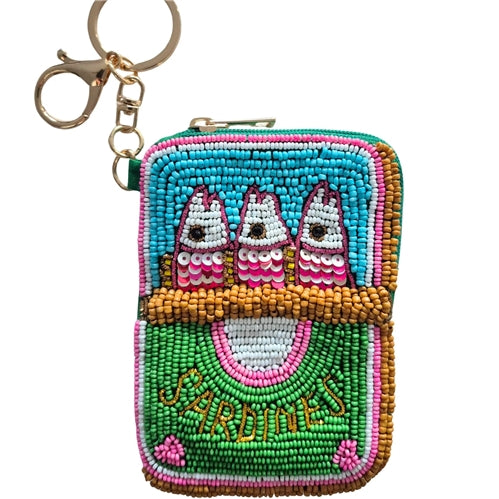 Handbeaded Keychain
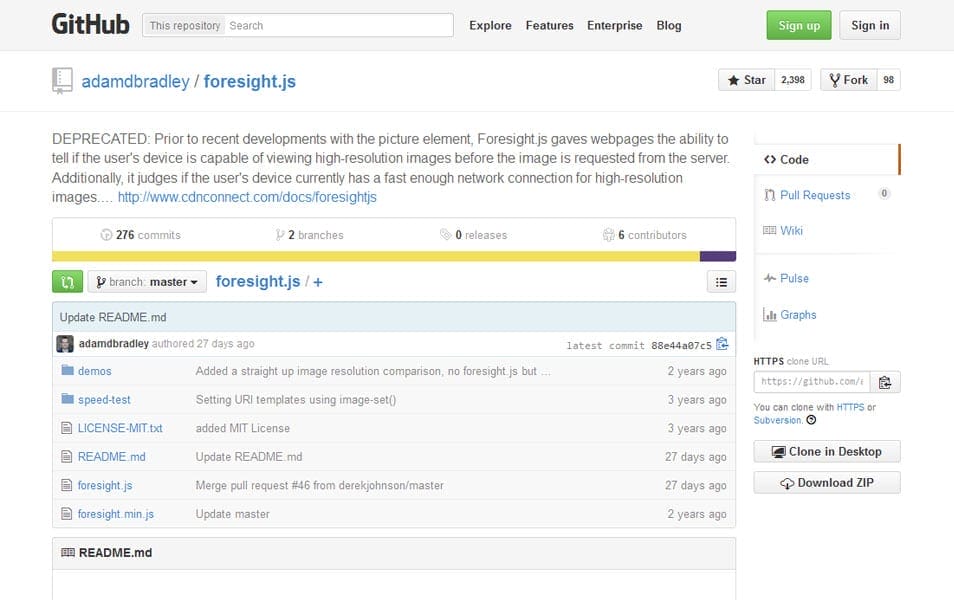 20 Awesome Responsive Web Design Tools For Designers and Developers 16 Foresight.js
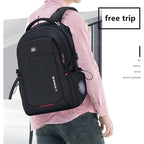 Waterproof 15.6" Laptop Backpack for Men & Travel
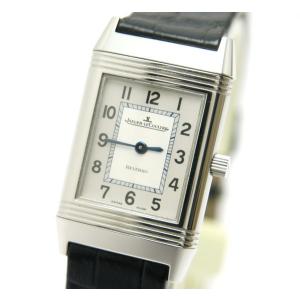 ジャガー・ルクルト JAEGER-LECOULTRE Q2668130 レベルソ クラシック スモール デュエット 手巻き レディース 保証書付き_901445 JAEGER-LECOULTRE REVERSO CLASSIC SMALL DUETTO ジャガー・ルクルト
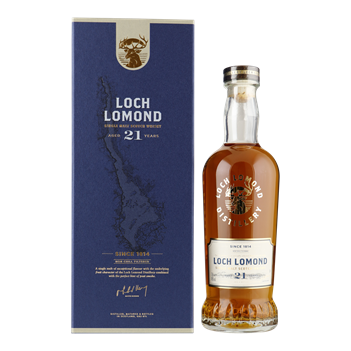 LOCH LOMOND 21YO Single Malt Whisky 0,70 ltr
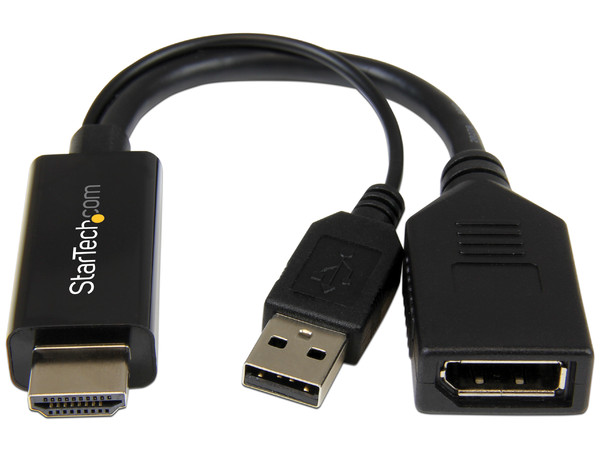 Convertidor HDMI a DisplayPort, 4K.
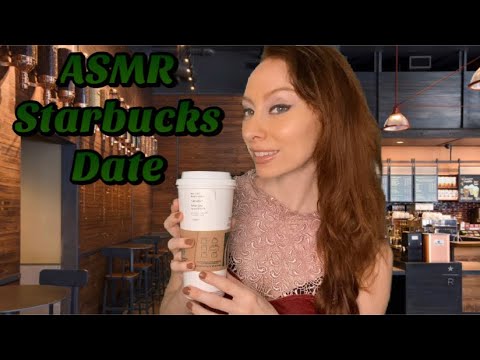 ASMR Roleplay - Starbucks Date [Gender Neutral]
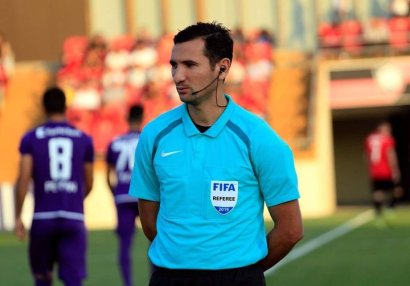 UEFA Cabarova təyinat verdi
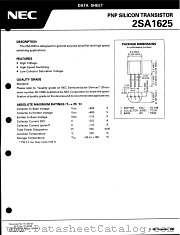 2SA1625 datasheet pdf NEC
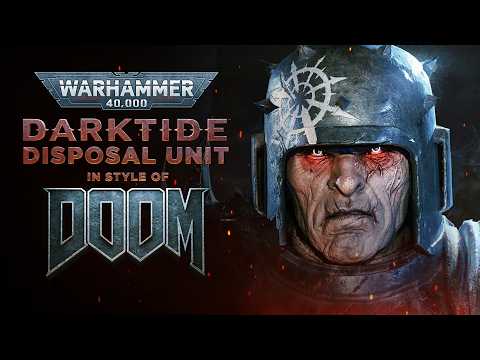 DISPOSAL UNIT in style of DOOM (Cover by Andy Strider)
━━━━━━
Without the pictures, write out the whole listing exactly as it appears.

 Handbeaded Keychain
 20 Awesome Responsive Web Design Tools For Designers and Developers 16 Foresight.js
 Waterproof 15.6" Laptop Backpack for Men & Travel
 ジャガー・ルクルト JAEGER-LECOULTRE Q2668130 レベルソ クラシック スモール デュエット 手巻き レディース 保証書付き_901445 JAEGER-LECOULTRE REVERSO CLASSIC SMALL DUETTO ジャガー・ルクルト
 LOCH LOMOND 21YO Single Malt Whisky 0,70 ltr
 Convertidor HDMI a DisplayPort, 4K.
 ASMR Roleplay - Starbucks Date [Gender Neutral]
 UEFA Cabarova təyinat verdi
 2SA1625 datasheet pdf NEC
 DISPOSAL UNIT in style of DOOM (Cover by Andy Strider)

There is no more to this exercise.